HAMILTON — Montana lawmakers are showing support for bills that will not only clear the way for expanding Bitterroot College, but also could make it easier for other community colleges to be organized in Montana.
Three different pieces of legislation -- one specific to program expansion at Bitterroot Community College -- have cleared the half-way point in Helena.
One measure, SJ-15 introduced by Senator Jason Ellsworth, passed the Senate and is now before the House Education Committee.
That's the resolution formalizing last year's special election, where Ravalli County voters endorsed the formation of the college, but without approving funding.
"It doesn't talk funding the district. But it simply creates the district. So that the trustees that got elected now have official positions and not just trustee-elect,” explained Rep. David Bedey (R-Hamilton).
“They can go to work doing all of the things if we get this through the House, all the work necessary to actually open the college,” Bedey added.
It's been an uphill climb for the school, which operates under the University of Montana after the fledgling effort got bogged down in the Legislature in 2009.
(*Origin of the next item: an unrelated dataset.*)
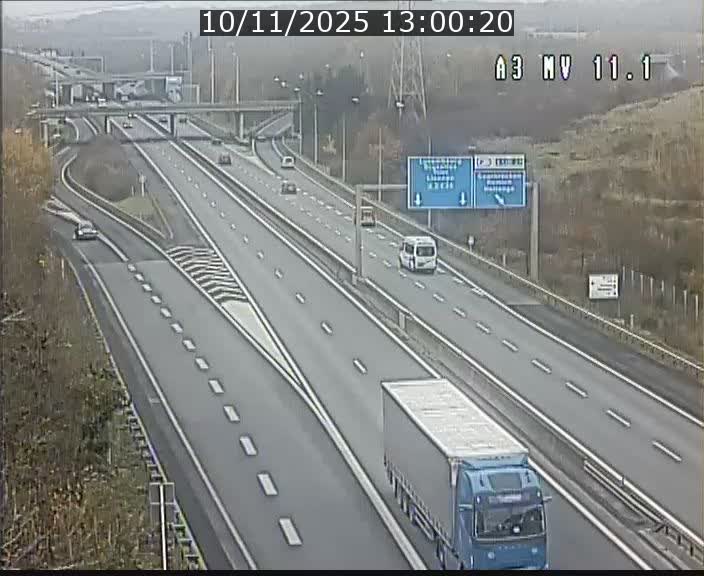 Traffic live webcam Luxembourg Croix de Bettembourg A3 - BK 11.1 - direction Luxembourg-ville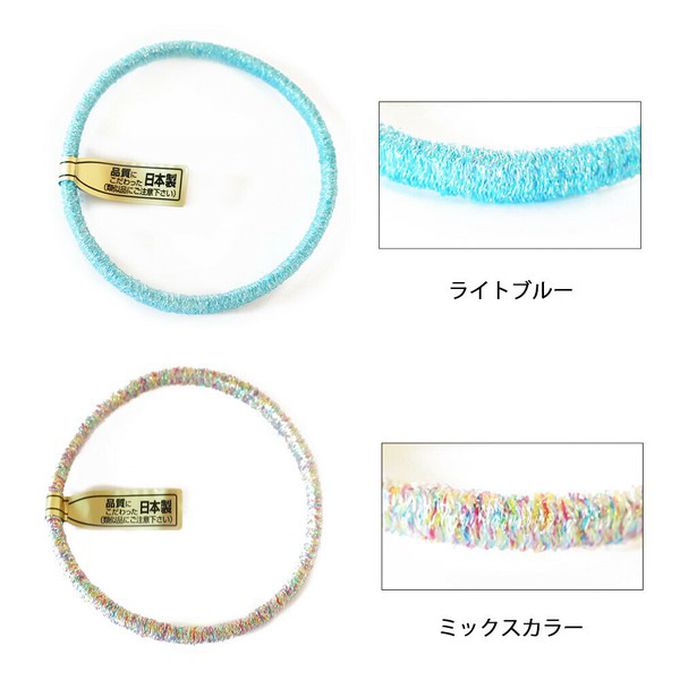 日本 Melody Accessory - 日本製 專利耐用閃亮金蔥髮圈(5入組)-金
Bedey says that first attempt on Bitterroot College more than 10-years ago underscored the problems in forming community college districts in Montana.
So not only is the legislation this session designed to advance the local plans in Ravalli County, but to make it easier for lawmakers to understand how it works here and could work in the future.
"Last time Ravalli County attempted to create a Community College District it was the confusion in the law that I think that contributed to it getting an unfavorable reception from the Legislature,” Bedey told MTN News. “So it was important for us to clarify the law first."
That clarification is coming in two companion bills. House Bill 179 addresses how community college districts can be organized.
“The current law is so confusing, or has so many omissions in it, that it was creating questions in the senators' minds,” Bedey explained.
Meanwhile, House Bill 67 explains how funding can be approved.
"And to include language that talks about how you actually establish the initial budget for a new community college and gets into the local tax levy requirement. How that is to be taken care of,” Bedey said.
Both House bills have been transmitted to the Senate and are expected to be taken up after the break.
The current legislation doesn't address how Bitterroot College will be paid for. That will be up to the trustees to iron out, with the funding question booted ahead to the next session, two years from now.